- _Work order_
In your copy, leave out the pictures and output only the lines from the one holding "Ivory Interior Photo" through the end of the data below, exactly.

─── Records for the exercise

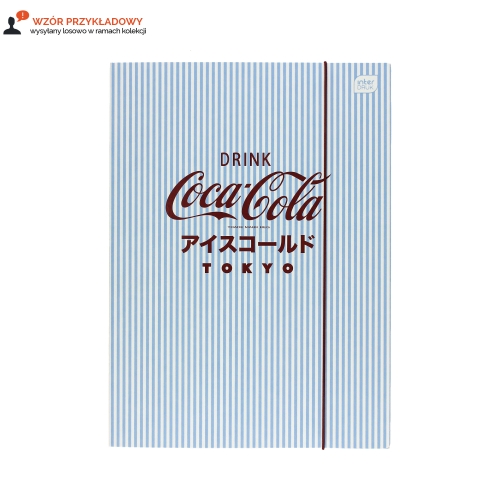 Teczka gumka A4 Soft Touch Coca Cola Interdruk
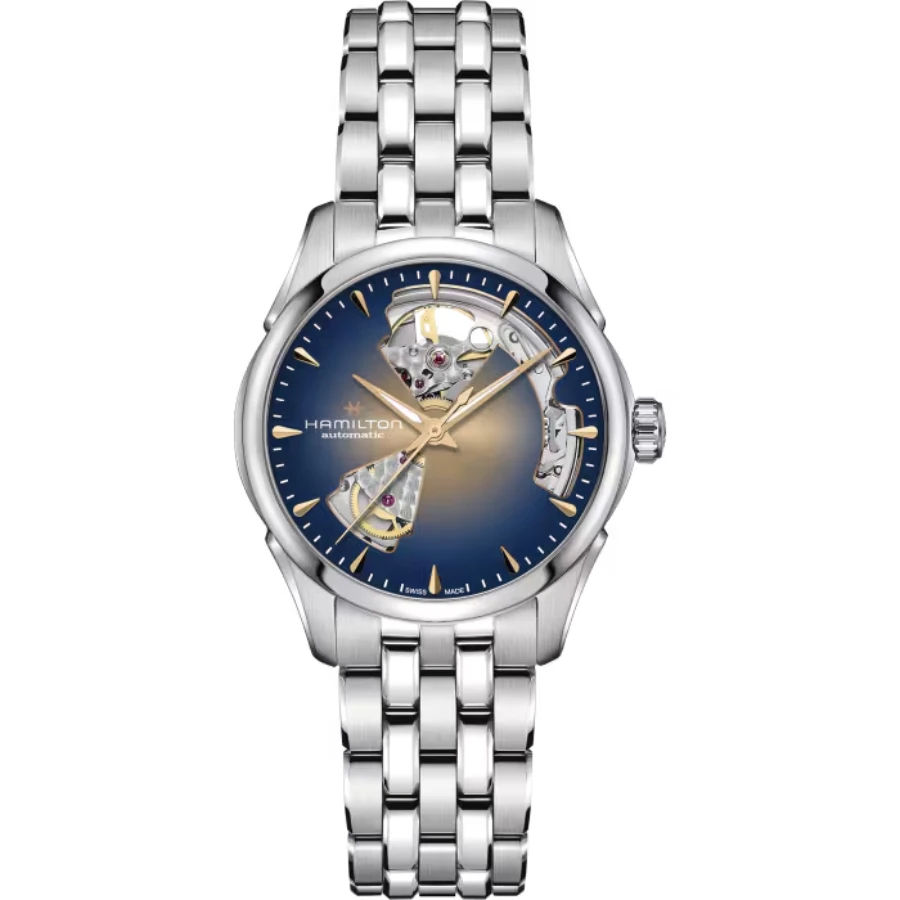 Hamilton H32215101 Jazzmaster 36 mm - Дамски ръчен часовник с автоматичен механизъм - корпус Стомана - Стоманена верижка - Биколор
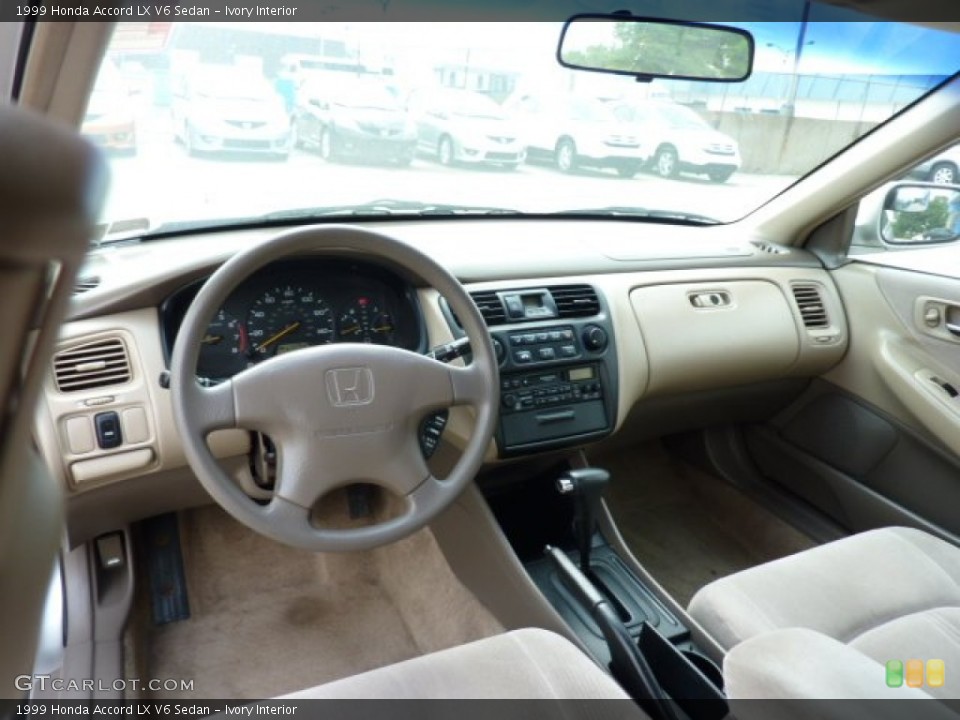 Ivory Interior Photo for the 1999 Honda Accord LX V6 Sedan #51003568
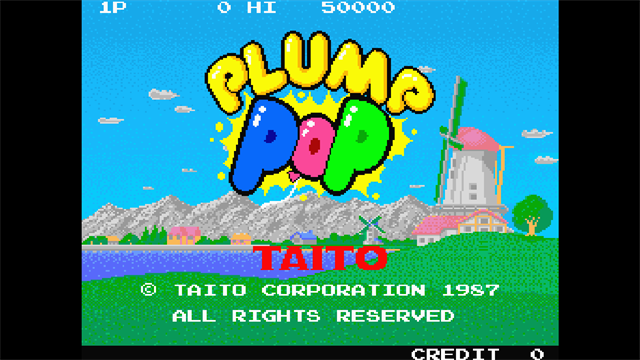 Arcade Archives 2 PLUMP POP screenshot 1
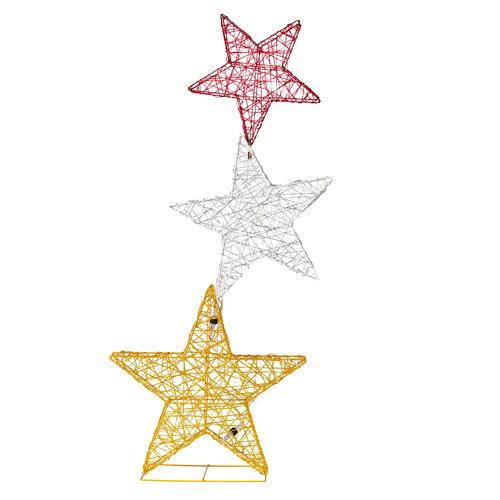 Kendry Triple Star LED Christmas Light Display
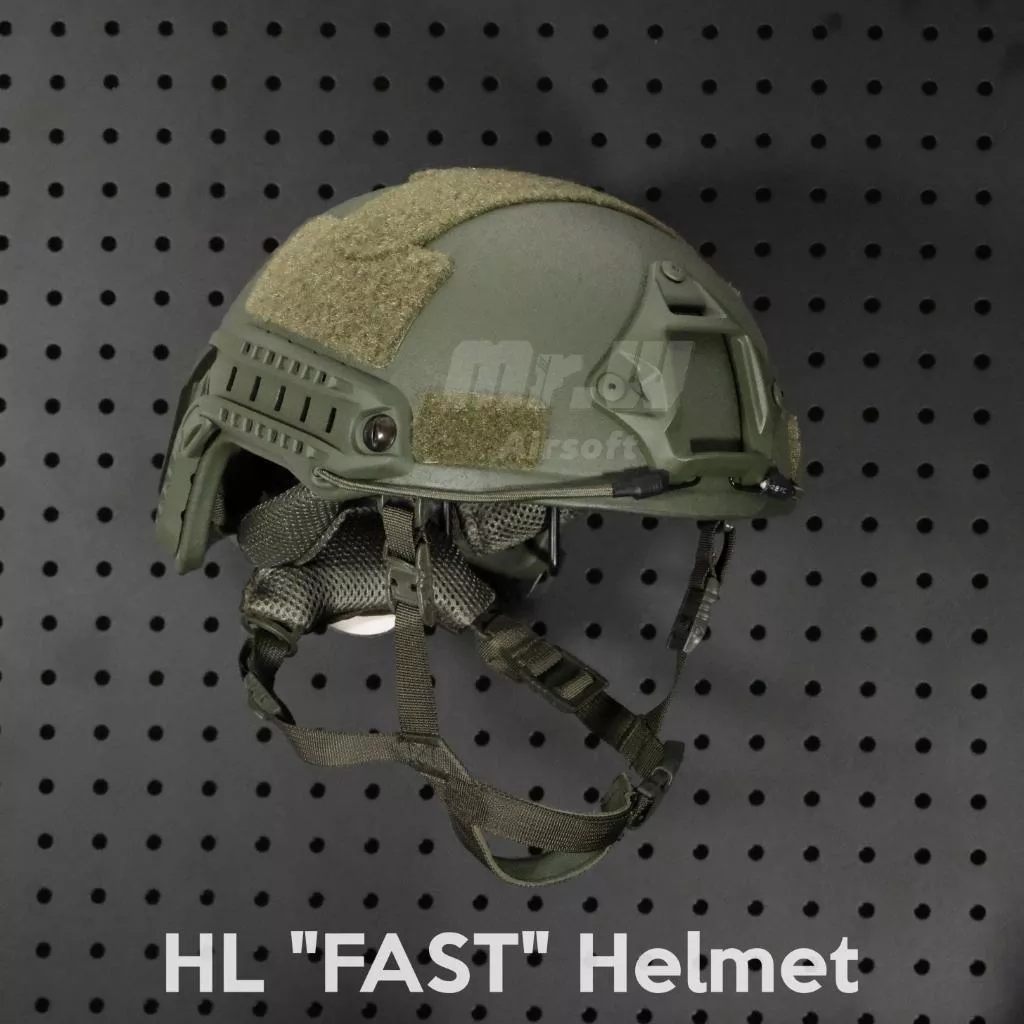 悍霖HL FAST樣式(高切) IIIA頭盔 凱夫拉 NIJ 0106.01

──────

- _Output of the exercise_
 Ivory Interior Photo for the 1999 Honda Accord LX V6 Sedan #51003568
 Arcade Archives 2 PLUMP POP screenshot 1
 Kendry Triple Star LED Christmas Light Display
 悍霖HL FAST樣式(高切) IIIA頭盔 凱夫拉 NIJ 0106.01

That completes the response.